Brut, doux, sec, demi-sec ? Le cidre de Normandie a souvent eu l'image de boisson du passé et de campagne. "Pendant longtemps, on s'est sentis mal-aimés. Le cidre était une boisson populaire", admet Olivier Vauvrecy, gérant de La ferme de Billy, à Rots, à dix minutes de Caen. Depuis une dizaine d'années, les producteurs cidricoles s'attellent à redorer leur image et ont compris qu'ils avaient une carte à jouer, notamment auprès des restaurateurs. La première grosse évolution a été la refonte des habillages et la présentation des produits.
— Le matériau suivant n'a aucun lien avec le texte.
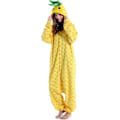 Miniatyrbillede 1 af 4: Ananas pyjamas Dyrekostume karneval jumpsuit M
Un constat que formule Arnaud Didier, œnologue de la maison cidricole de Normandie : "On voit des bouteilles qui sortent de l'ordinaire sur leur forme et leur couleur, mais aussi des étiquettes plus dynamiques que les anciennes avec la traditionnelle photo de la ferme." Ces nouveaux designs séduisent les restaurateurs, mais pas seulement.
Moderniser le cidre
Le cidre se décline dans de nombreuses variétés. Cela plaît aux professionnels de table. Simon Lemarié, producteur de cidre à Géfosse-Fontenay, est bien placé pour en parler. En plus de trois cuvées originales, il a développé trois cuvées éphémères sur des lots d'à peine 1 000 bouteilles. "J'ai sorti une co-fermentation à la mûre par exemple, qui rappelle l'univers du vin. Arriver régulièrement avec des nouveautés est très important", assure celui qui est connu pour son cidre Cidricchus. "J'essaie de développer un cidre qui se combine bien avec la nourriture de brasserie, comme les entrecôtes frites ou les burgers." C'est le cas à L'atelier du burger de Caen, où son cidre présenté dans une bouteille de bière fait fureur. Son confrère de Rots, à La ferme de Billy, a aussi fait évoluer sa gamme pour se démarquer auprès des restaurateurs. Il n'est plus question d'utiliser les termes "brut" ou "doux" mais plutôt des cuvées appelées "cidre fruité" et "cidre fraîcheur", avec "beaucoup de rondeur et de richesse en bouche". L'idée est de jouer de plus en plus sur la modernité du produit et l'identité du cidre. "Sur certaines variétés, on travaille de manière un peu plus gastronomique, avec des produits presque plats, expose-t-il. Il y a plein de potentialités dans le cidre." Par exemple, pour attirer l'œil des bars, il a développé le cidre de glace ou encore le cidre pression. "J'aimerais que les gens aient le réflexe de prendre un cidre pression plutôt qu'une bière, sourit le producteur. Cette diversité attire les restaurateurs et eux-mêmes veulent sortir du lot en proposant une carte des cidres." Développer le cidre dans des canettes fines et longues est dans les cartons. Il a déjà des demandes à l'étranger. "J'ai envie de le faire, mais il faut réfléchir au recyclage", sourit le professionnel. Après tout, les Normands doivent être fiers de produire et consommer du cidre.
Pour aller plus loin
Les cidriculteurs normands veulent de plus en plus imposer le cidre à table. Voici quelques chiffres pour vous aider à comprendre.
350
La maison cidricole de Normandie recense 350 cidriculteurs dans la région. Le Calvados reste le département le plus producteur, notamment dans le pays d'Auge où les vergers sont nombreux.
Diversité des saveurs
Pendant très longtemps, le cidre n'était connu que sous deux grandes formes, brut ou doux. Depuis une dizaine d'années, la diversité de saveurs est beaucoup plus large. "N'importe quel cidriculteur propose plusieurs cuvées à sa gamme avec des arômes et parfums différents", explique Arnaud Didier, œnologue de la maison cidricole de Normandie.
20
Simon Lemarié, cidriculteur normand basé à Geffosses-Fontenay, travaille avec environ une vingtaine de restaurateurs dans la région. Le plus gros de son volume concerne les restaurants touristiques.
25
À la ferme de Billy, à Rots, Olivier Vaucrecy compte sur 25 hectares de pommes à cidre et 15 variétés différentes pour produire son cidre. Il compte replanter sur six à sept hectares.